I could never forget these violations. It is something I have lived with all my life. Speaking about my experience is difficult, and although I have shared privately, I have rarely done so publicly. I’ve spoken up because I know others cannot, and to have this questioned and sensationalized by Canada’s public broadcaster is appalling."
To conclude, Sainte-Marie writes:
"I may not know where I was born, but I know who I am."
"We spent our entire lives together with Buffy as a family, decades together, and we will continue to love and support one another. She has been committed to our family and community and has worked tirelessly to inspire, support, uplift our family, and share our community knowledge and ways and those of other Indigenous Peoples all over the world.
We grew up knowing that Buffy and our grandparents [Emile and Clara Starblanket Piapot] adopted each other and how deeply committed and loving they were to one another. We heard from an older family about how my grandmother cried when she had to leave after an extended family visit to our homelands or after the powwow.
Buffy is our family. We chose her and she chose us. We claim her as a member of our family and all of our family members are from the Piapot First Nation. To us, that holds far more weight than any paper documentation or colonial record keeping ever could."

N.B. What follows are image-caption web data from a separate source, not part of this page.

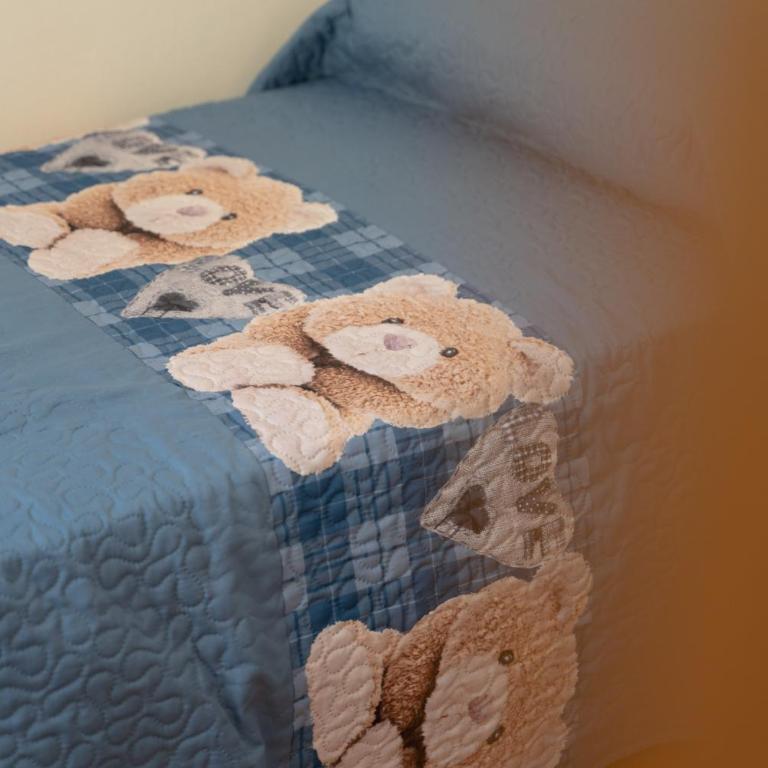 Dimora del Mare - Appartamento con 3 Camere da Letto - 5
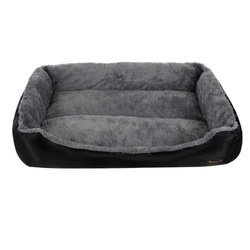 Hunde-/Katzenbett 60x45cm Purlov 24288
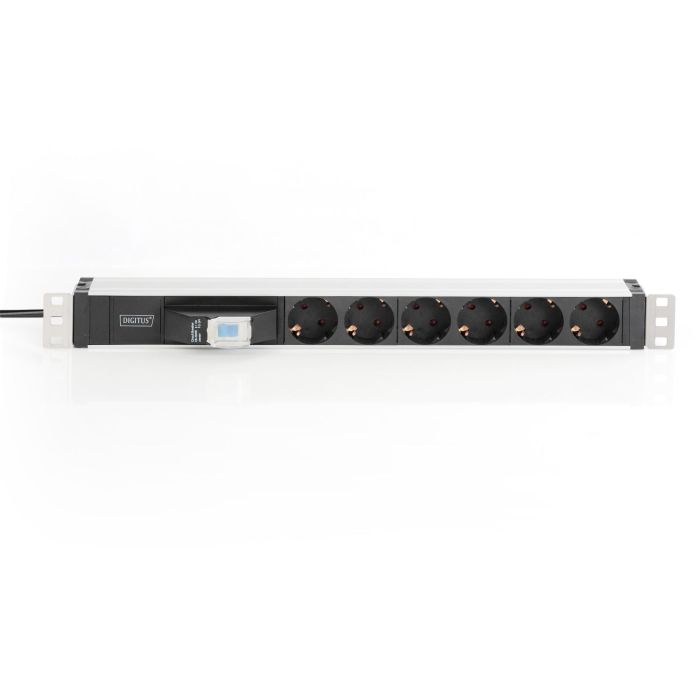 Regleta Digitus DN-95417 (1,8 m) 4 Regleta Digitus DN-95417 (1,8 m) 4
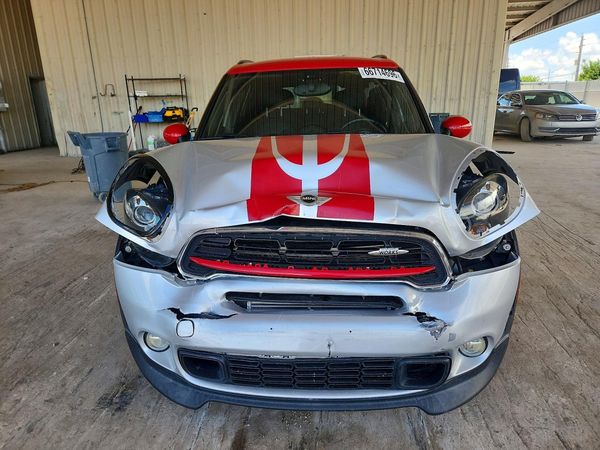 2016 MINI COOPER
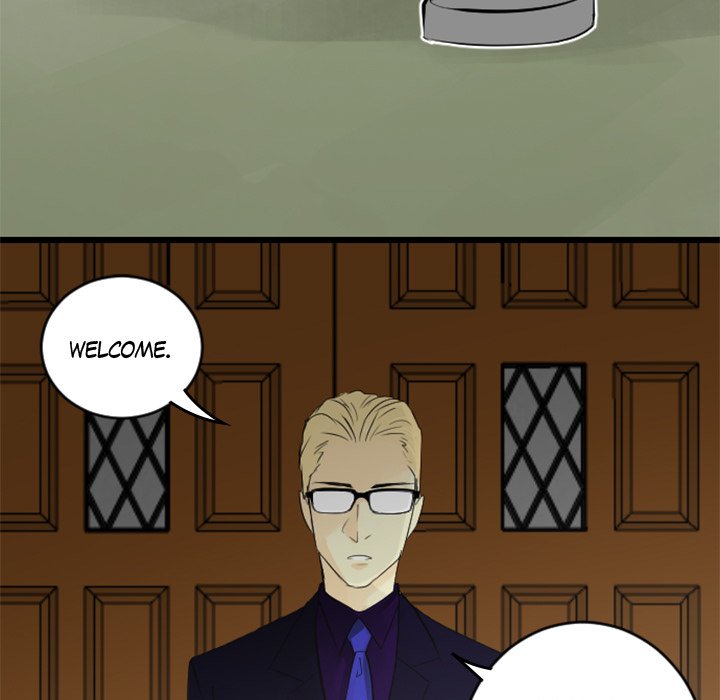 Baby Sitter Baby Sitter EP 3 - Toomics page 9 - 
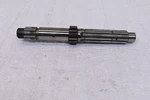 New Honda Oem Transmission 23211-427-000 Mainshaft, 13T. Fixed Price $62.29.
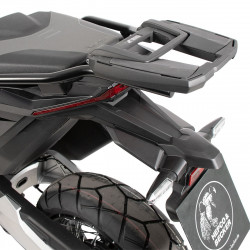 FS66195550101 : Support de top case Hepco-Becker Easyrack 2025 Honda X-ADV 750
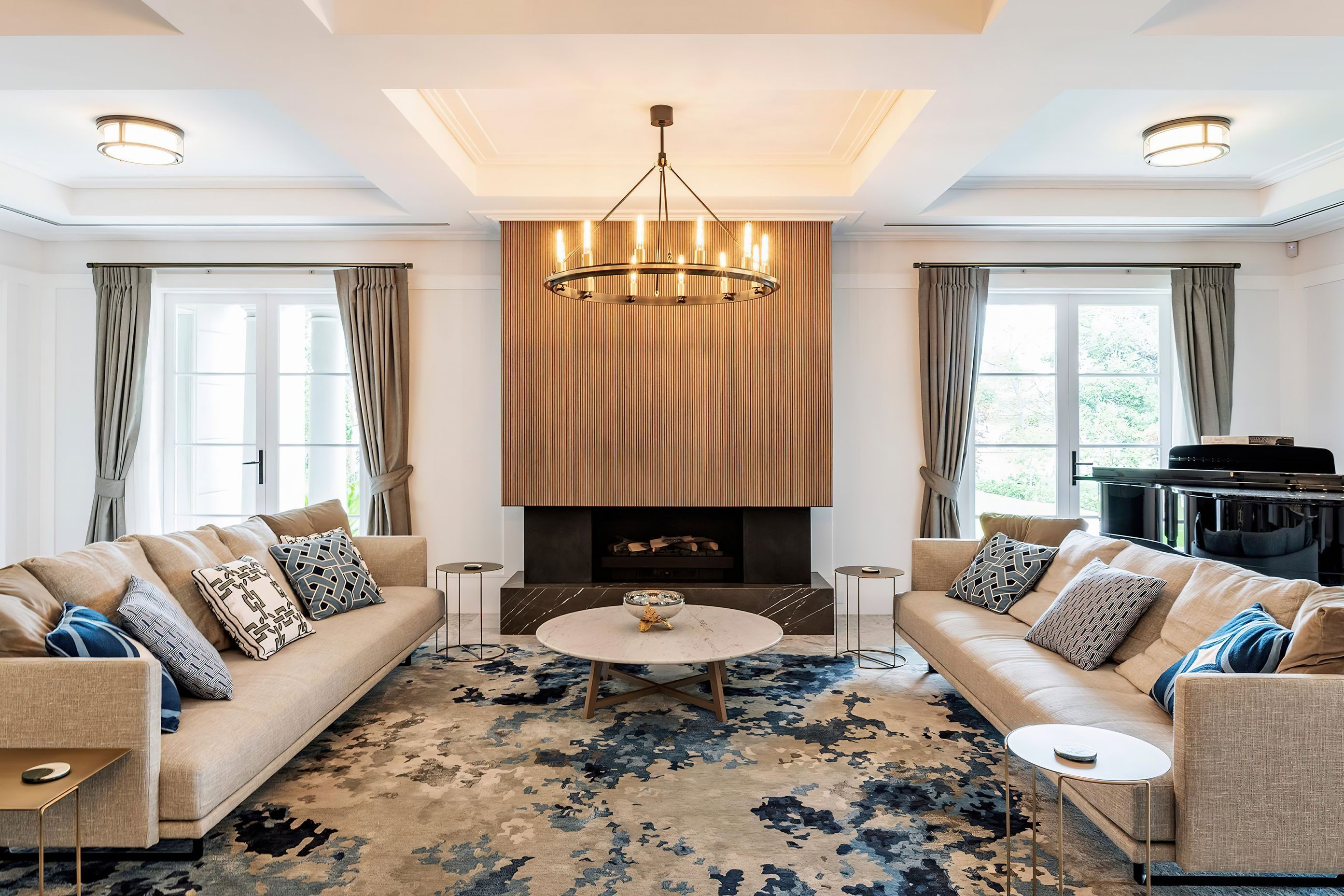Timeless Elegance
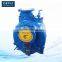 Non-clogging Self priming Sewage Pumps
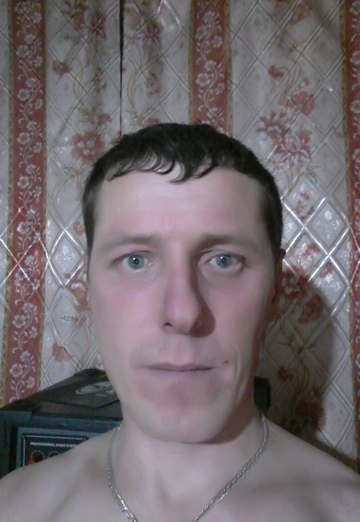 Моя фотография - Фёдор, 38 из Алексеевка (@fedor18704)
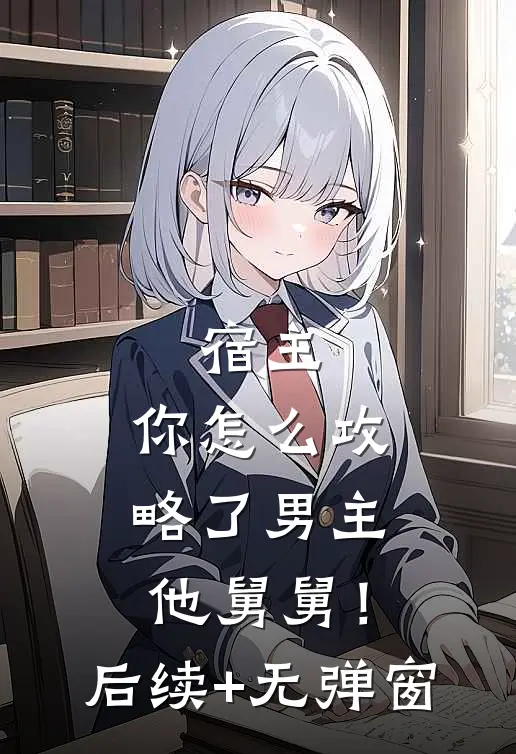 宿主，你怎么攻略了男主他舅舅！后续+无弹窗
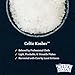 Celtic Sea Salt Kosher, 1 lb Resealable Bag, Unrefined Mineral-rich, Chef-Trusted Exquisite Taste, Hand-Harvested, Family Founded Since 1976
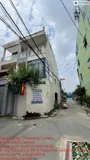 Chính Chủ Bán Nhà Lô Góc 2 Mặt Tiền – Khu Dân Cư Gò Cát 2, Phường Phú Hữu, Quận 9 - Ảnh 1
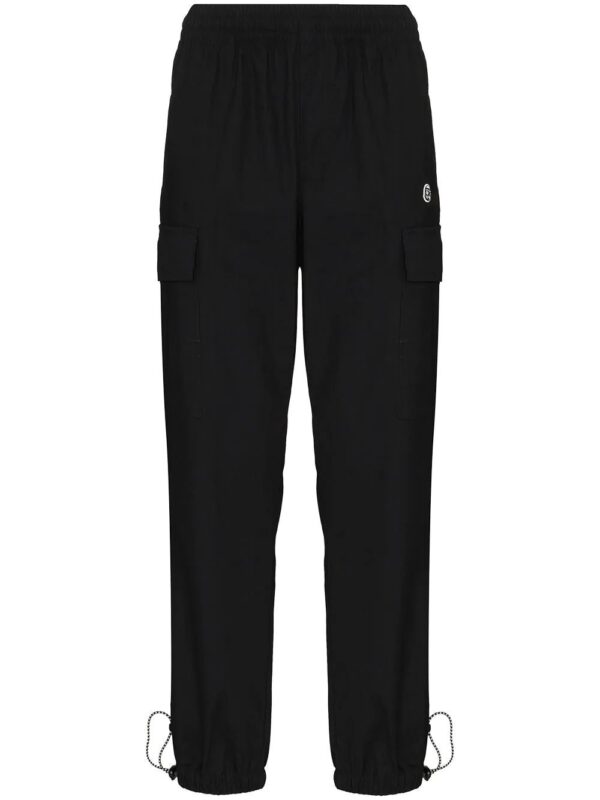 Billionaire Boys Club  cargo track pants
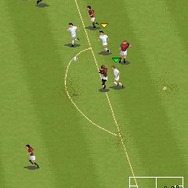 ウイニングイレブン2011モバイル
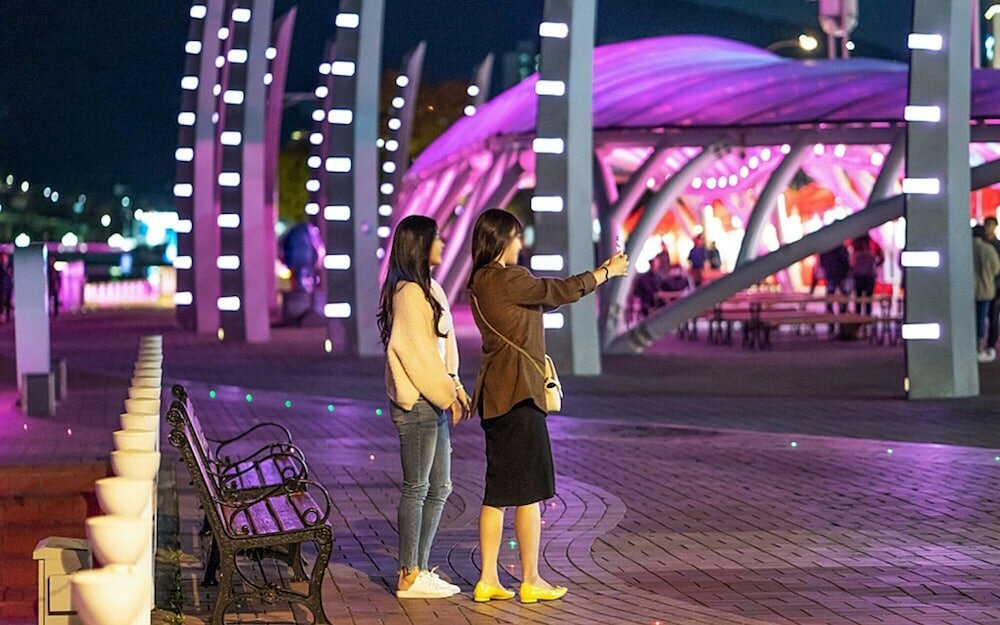 Фото Yeosu Badaya Guest House and Hostel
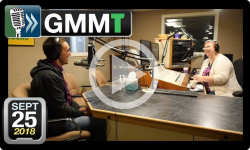 GMMT: Tuesday News Show 9/25/18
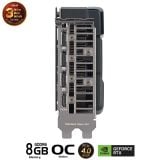 Card màn hình VGA ASUS Dual GeForce RTX 4060 8GB GDDR6 (DUAL-RTX4060-8G)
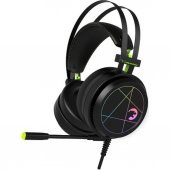 Gamepower Medusa Rainbow 7.1 Surround Profesyonel Gaming Oyuncu Kulaklığı - 1
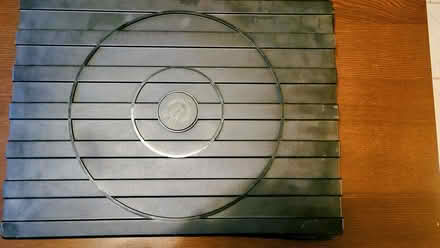 Photo of free Heavy Duty Turntable (Brooklyn, Kings Plaza Vicinity) #3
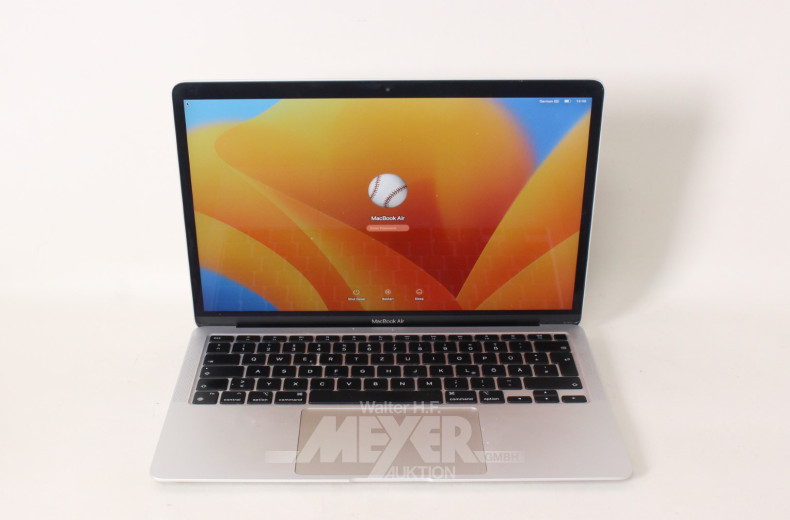 APPLE Macbook Air 13''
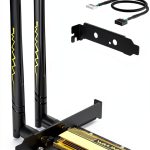 WAVLINK WiFi 6E AX210 PCIe Card-0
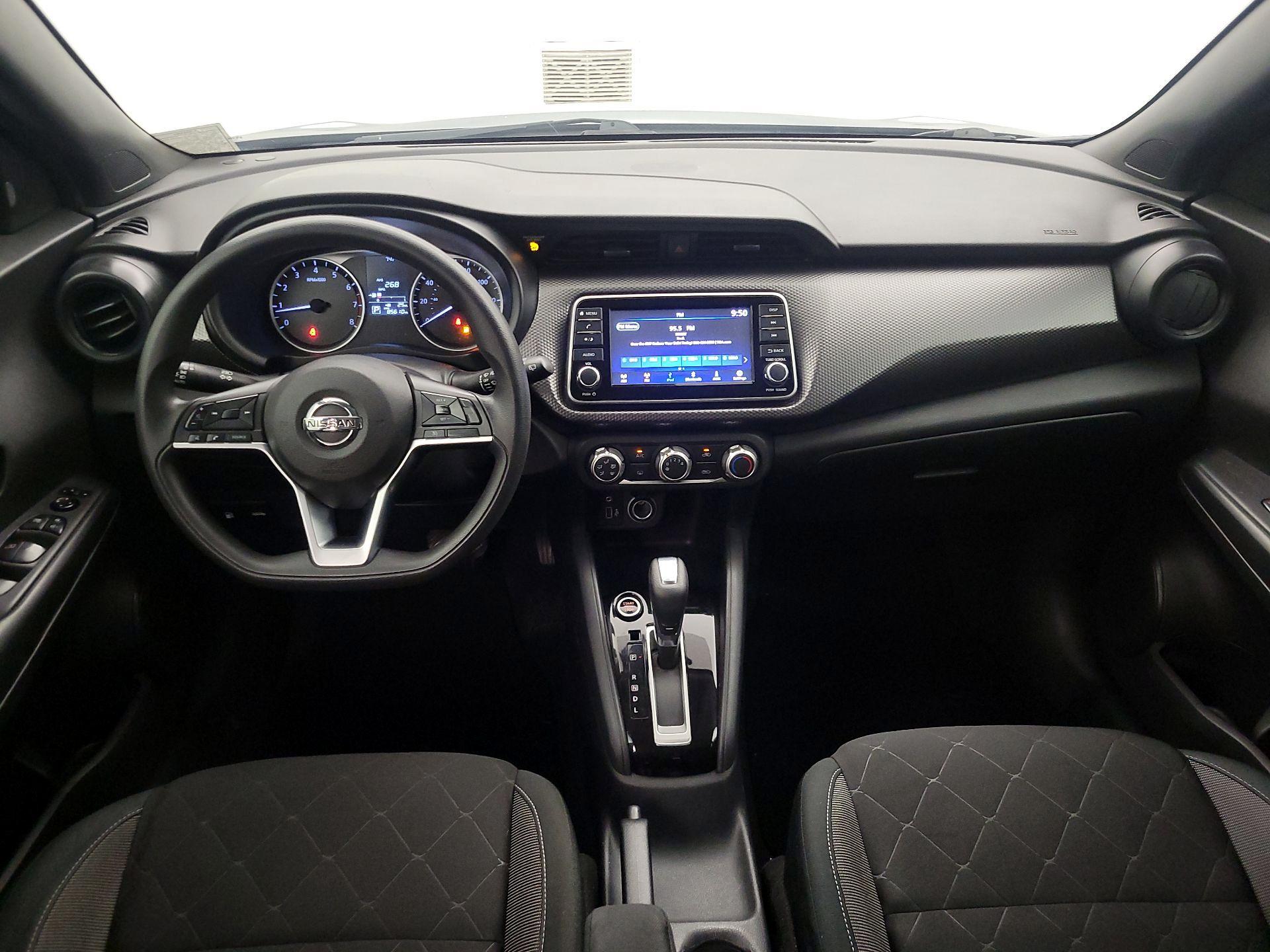 Thumbnail: 2020 Nissan Kicks - 9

Sainte-Marie released her first album, It’s May Way!, in 1964.
Sainte-Marie became an activist during the Red Power movement, which gave voice to Native American concerns and issues. Her artistry, humanitarian efforts, and Indigenous leadership have made a positive impact for decades.
Through the decades, Sainte-Marie has garnered numerous awards, including an Oscar and a Golden Globe Award in 1983 for co-writing the hit song Up to Where We Belong. In 2015, she won the Polaris Music Prize for Power in the Blood.
In early August, she announced her retirement from touring.